Sherman Says DNC will unify around two-state solution

The 15 members of the Democratic National Committee’s platform drafting committee, named last week, include a diversity of voices surrounding the Israeli-Palestinian conflict, from the steadfastly pro-Israel Wendy Sherman to Palestinian advocates James Zogby and Dr. Cornel West. Despite these differences, Sherman, a former state department ambassador who served as the lead negotiator in the Iran nuclear deal, said she is confident that the party platform will reflect the United States’ “unbreakable bond” with Israel and Democratic presidential front runner Hillary Clinton’s support for a two-state solution.
 “I think that sort of sentiment is widely held in the party, that a two-state solution is critical to ensure the security and recognize the borders of a Jewish state, Israel, free from terror, and that a Palestinian state can provide independent sovereignty where they can govern themselves in their own state,” she said.
The committee was appointed at the discretion of DNC Chairwoman Debbie Wasserman Schultz, but she gave candidates Clinton and Bernie Sanders six and five names respectively that they could put forward. Sherman was one of Clinton’s choices while Zogby and West were chosen by Sanders. Sherman said she thinks despite the divisions on the committee, the party will unify around Clinton’s views on the Middle East.
“I’ve known Jim Zogby for a very long time and I don’t know Cornel West well, but I do know him, and I think we will have a very good discussion,” she said. “But I think that the principles that I outlined a moment ago are really in the mainstream of Democratic Party politics and certainly the views of Secretary Clinton and I expect it will be those values that go into what is written.”
Sherman has worked in Democratic politics for more than 30 years, which includes diplomatic roles in both the Obama and [Bill] Clinton administrations in addition to prior work with the DNC during Michael Dukakis’s unsuccessful 1988 presidential campaign. She said her biggest concern this election season is Republican nominee Donald Trump’s lack of knowledge on foreign affairs, which she thinks would be “reckless and dangerous” for the country.

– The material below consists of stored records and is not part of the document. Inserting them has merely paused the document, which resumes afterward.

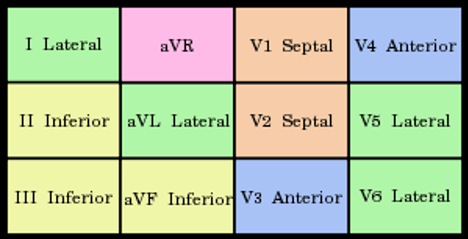 Lead Correspondence to Heart Areas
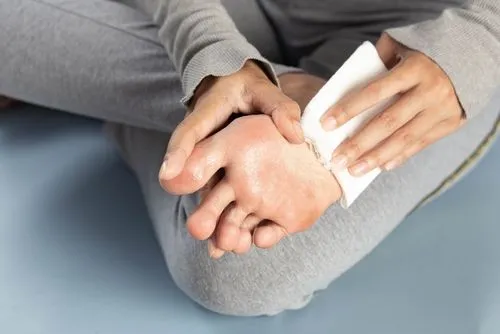 Illustration of foot sweating problem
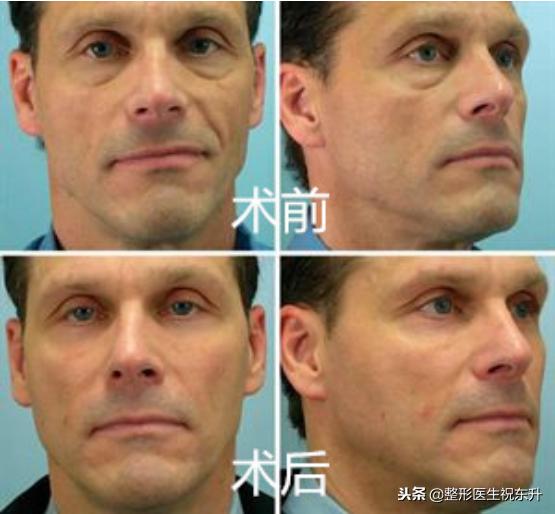 面部悬吊提升术的后遗症有哪些,面部悬吊提升术对比图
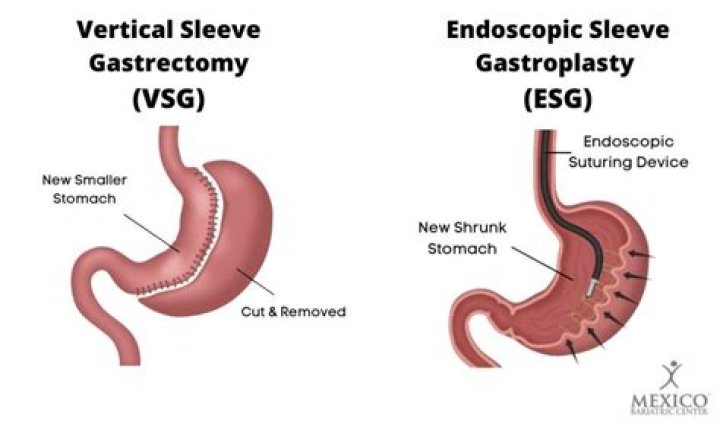 Is a gastric sleeve better than a gastric bypass?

“He has criticized everyone from the prime minister of Great Britain to the president of Mexico, while at the same time saying that he has admiration for Mr. Putin and Kim Jong Un of North Korea, so it is very hard to know where Mr. Trump stands,” she said. “I don’t think he understands the Middle East. It’s not clear to me he understands the unbreakable bond between the United States and Israel and I think that is what is most concerning as someone who has been doing national security and foreign policy for 25-30 years is that he thinks unpredictability is a good thing.